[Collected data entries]
▼
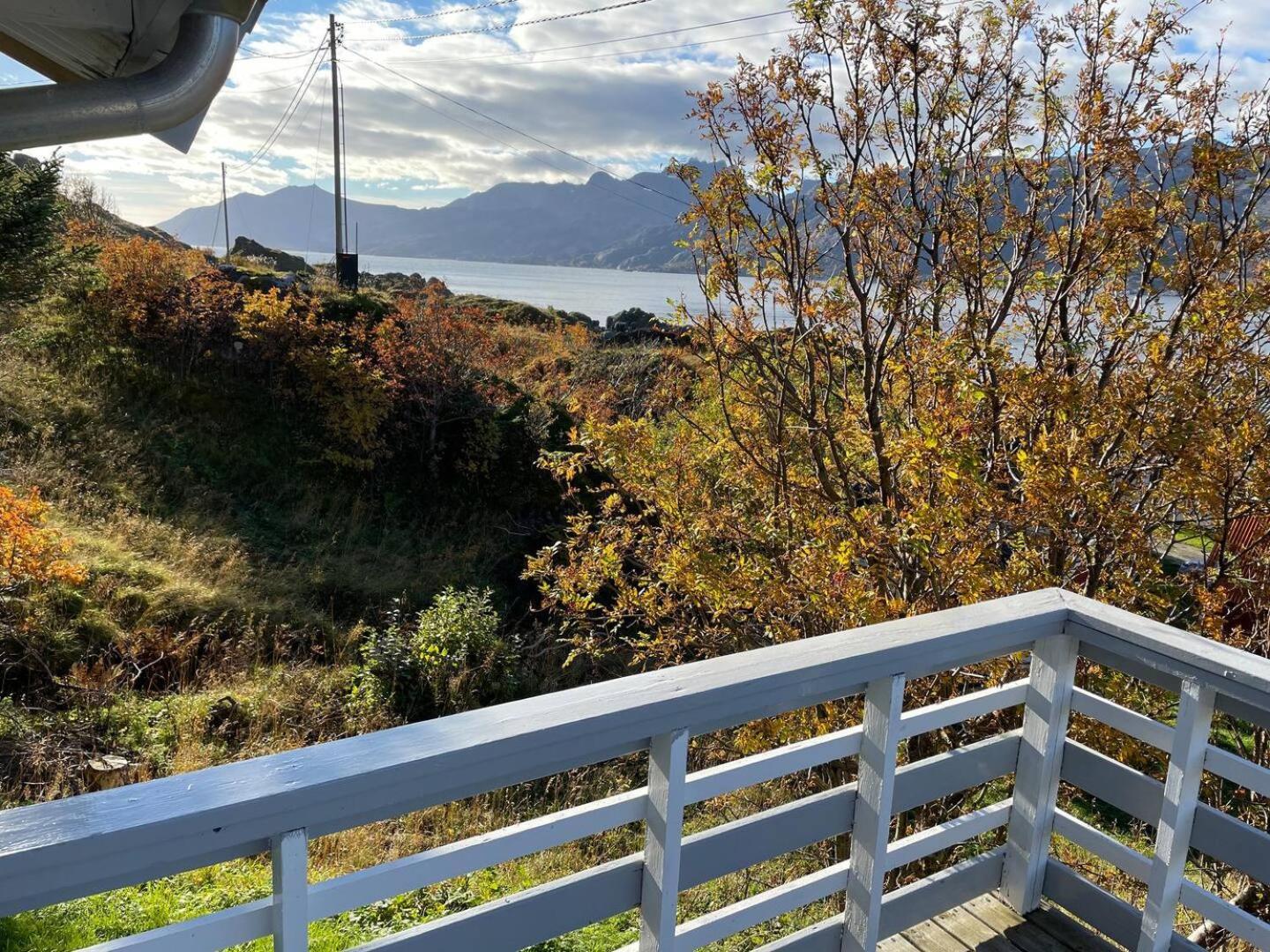 Vettinghytta, Close To The Sea With Amazing View. Gravdal  Экстерьер фото
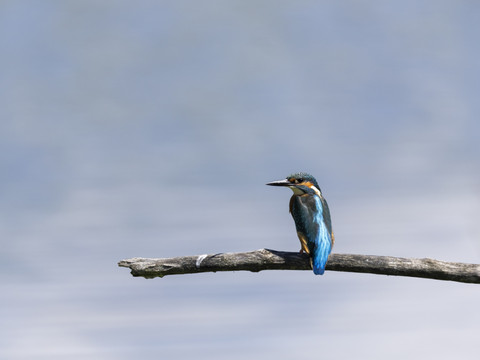 Le Martin-pêcheur élu oiseau de l'année 2026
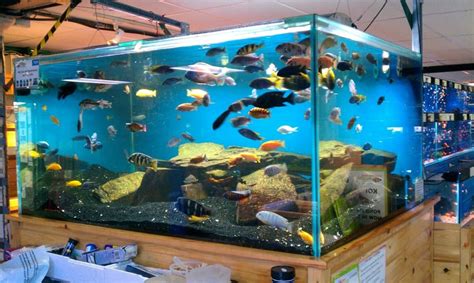 A Beginner’s Guide To Tropical Fish Tanks And Aquariums - Tropical Fish ...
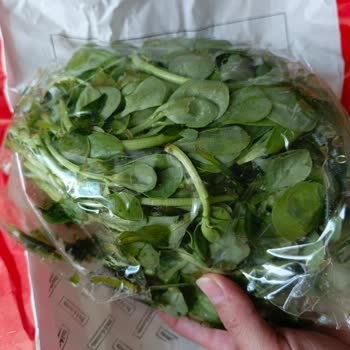 Eksik Ve Bozuk Ürünler, İade Yapılmadı, Sorunlar Çözülmüyor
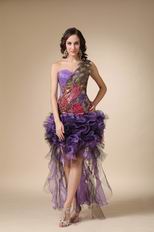 Top Designer Cascade Peacock Plume 2014 Sweet 16 Dress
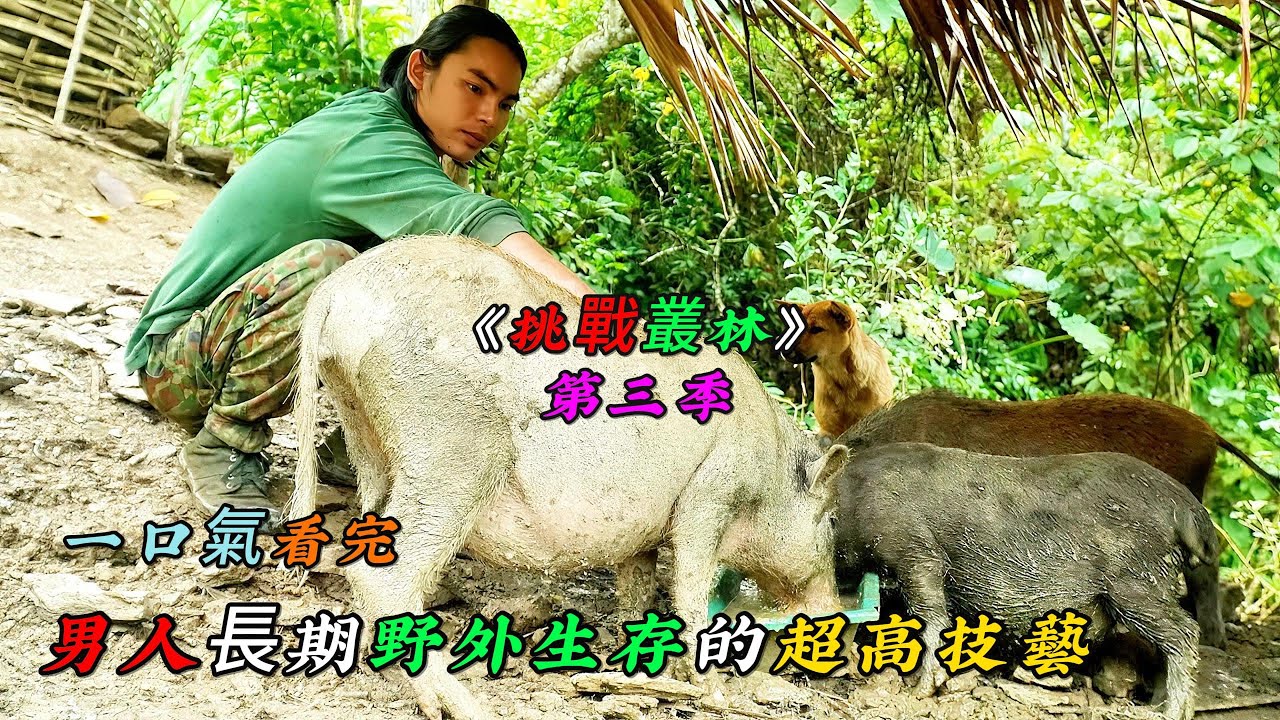 一口氣看完，男人長期野外生存的超高技藝《挑戰叢林》第三季（09-12）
▲
◆ TASK
Leave the pictures aside and print exactly, and only, the lines from the one with "Eksik Ve Bozuk" through the end of the data, both included.

◆ YOUR SOLUTION
 Eksik Ve Bozuk Ürünler, İade Yapılmadı, Sorunlar Çözülmüyor
 Top Designer Cascade Peacock Plume 2014 Sweet 16 Dress
 一口氣看完，男人長期野外生存的超高技藝《挑戰叢林》第三季（09-12）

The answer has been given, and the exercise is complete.